Over the last 18 months, the small but agile Indaba team has worked tirelessly to bring some exciting enhancements to the platform, (Indaba 3.0 as I like to call it), as well as launch some cool projects. Our hope with these new changes is to further streamline the online data collection process for colleagues and partners around the world.
As our Executive Director, Nathaniel Heller, alluded to in his blog post, “Why We're Investing in Moving Legacy Data Into Indaba” with the changes to the platform, Indaba will now give project managers a way to more easily design, launch and manage the day-to-day aspects of their projects.

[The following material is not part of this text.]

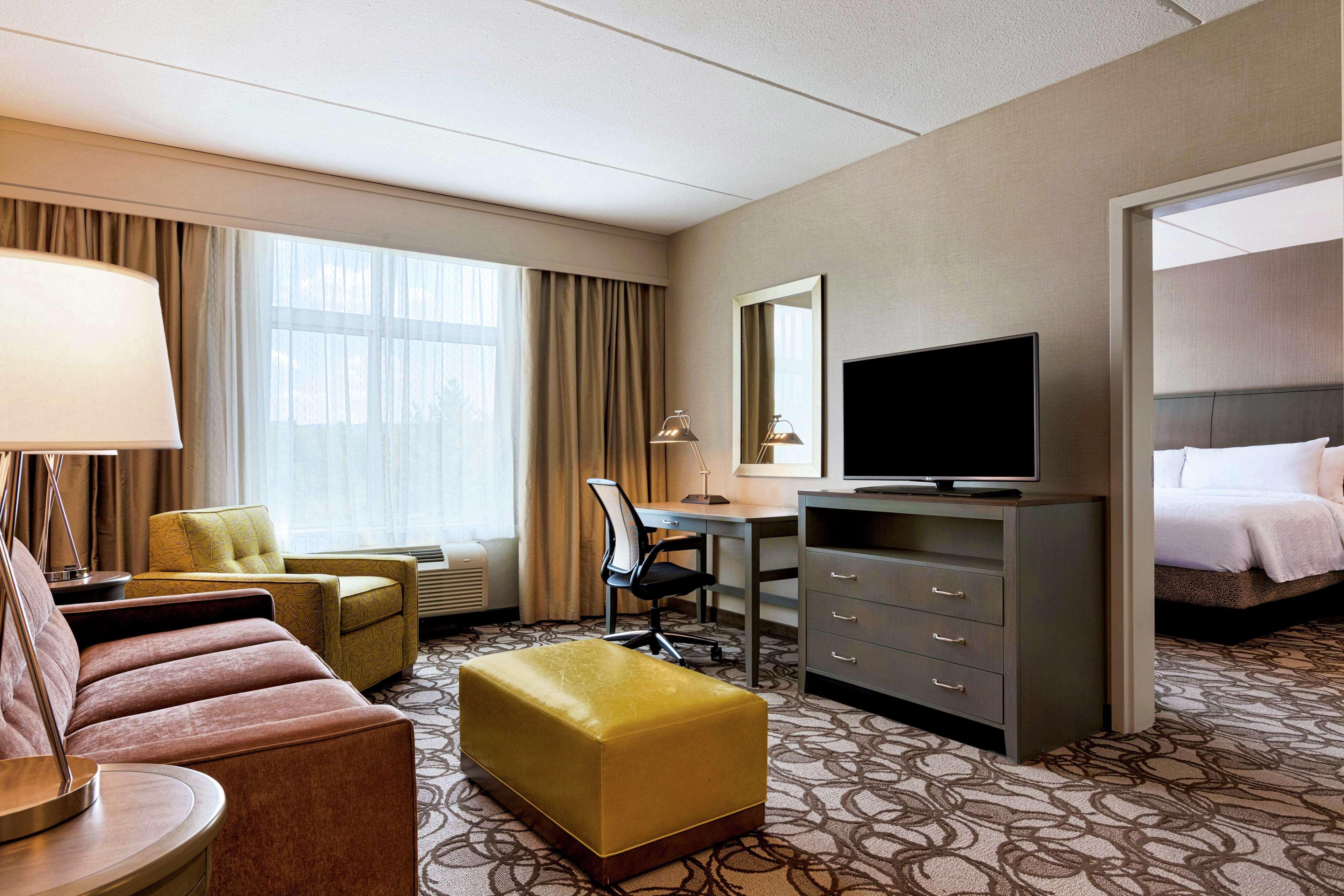 Hilton Garden Inn Lenox פיטספילד מראה חיצוני תמונה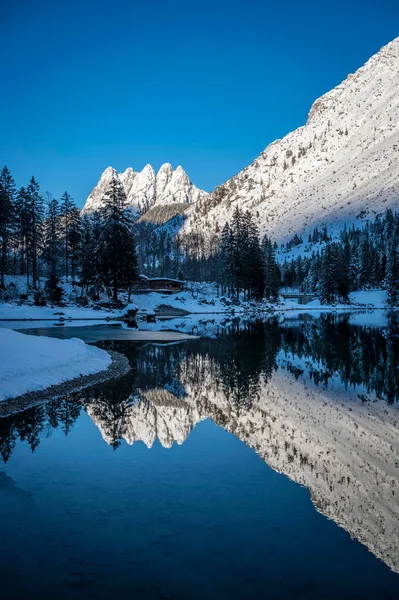 Hermosa Vista Invierno Del Lago Predil Italia — Foto de Stock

With the help of existing Indaba user insights, we narrowed down the scope of our ever long “wish-list” of platform upgrades functionalities and user interface enhancements. The major change to the platform includes a whole new interface, Control Panel, which allows project managers and support staff to build key components of their work (uploading questions, creating reusable surveys, adding project contributors and units of analysis.)
We also updated user functionalities for the existing platform interface, Fieldwork Manager, used by field contributors and project managers to amass data in an organized fashion. It is our hope that changes to this part of Indaba will greatly enhance the data collection process.
Now project managers can assign tasks to users from a “queue” system, which filters through hundreds, if not more, tasks per project. Managers can “swap” different people from one job to another to suit the needs of the project.
One of the upgrades I am most excited about is the ability for managers to ask and send questions to anyone working on the project. This could be done during any of the review or edit stages (as defined by the organization creating a project). Previously, Indaba would only allow managers to ask questions to the original respondent who created the content. This feature is particularly helpful when a manager needs further clarification on the way something was edited or if a reviewer provides a new source of information and the relevance is not clearly articulated. This feature could also be useful if a project requires verification feedback regarding specific data or information collected from a government official, business entity, etc.
Needless to say, we are thankful to our developers OpenConcept Systems (OCS) who worked tirelessly to ensure the new changes were installed in a timely manner and with as few “bugs” as possible.